A Sunday in War Time
I was so proud I had perfected my backflip over the back of our living room couch. It involved getting my mouth fixed just right, gathering momentum, doing a short run, digging my head and hands into the soft couch cushions, then flipping my legs up and over the hard back of the couch and crashing to the floor on the other side, then emerging to the applause of the handsome young men in their Air Force blue uniforms I was trying to impress. My mother was mortified. Here was her seven-year old daughter showing off her waving skinny legs and mended underwear to her young male guests. To me they were a grown-up adult audience to impress. To my father they were the scared, 17 year old boys he had brought home after Sunday evening service to experience a bit of home away from home comfort before he drove them back to the central flying school about 4 miles away. Dad’s car was one of the only six or seven which were allowed to be driven in our 1940s wartime, peaceful English, Cotswold Village.

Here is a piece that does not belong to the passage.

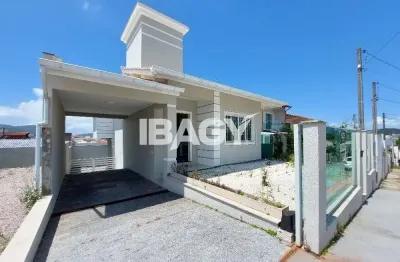 Casa com 3 quartos para alugar na Rua Josemar José Schmitt, 57, Forquilhas, São José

My father kept a visitor’s book in which he wrote down their names and the date of their visit and beside it was the date of their death. It was the time of the Blitz over London. Boys straight out of school were being trained to fly Spitfires, to shoot down German planes and kill German pilots. It took six weeks to train them. Their life expectancy was three weeks!
Earlier, in the afternoon of that same day, my mother and I walked to our cheerful church hall to serve tea, hand out cigarettes and sing hymns; same tune, different words, with our other guests. They were German pilots, now prisoners of war shot down by our young pilots while on bombing raids over the south of England. Most of them were older men and some had learned to fly in the First World War – the war to end all wars. During the week they were transported in army trucks from the POW camp and dropped off in twos and threes at farms around the countryside. The farmers were glad to have the labor as their sons were off learning to kill Germans. The prisoners were happy, they loved the countryside, they knew that they would love to go home to their families when the war was over. They missed their families and they enjoyed coming to the church because it reminded them of their blonde daughters back home.
I thus learned a lesson at an early age about the irony, tragedy and stupidity but, sometimes, the necessity of war.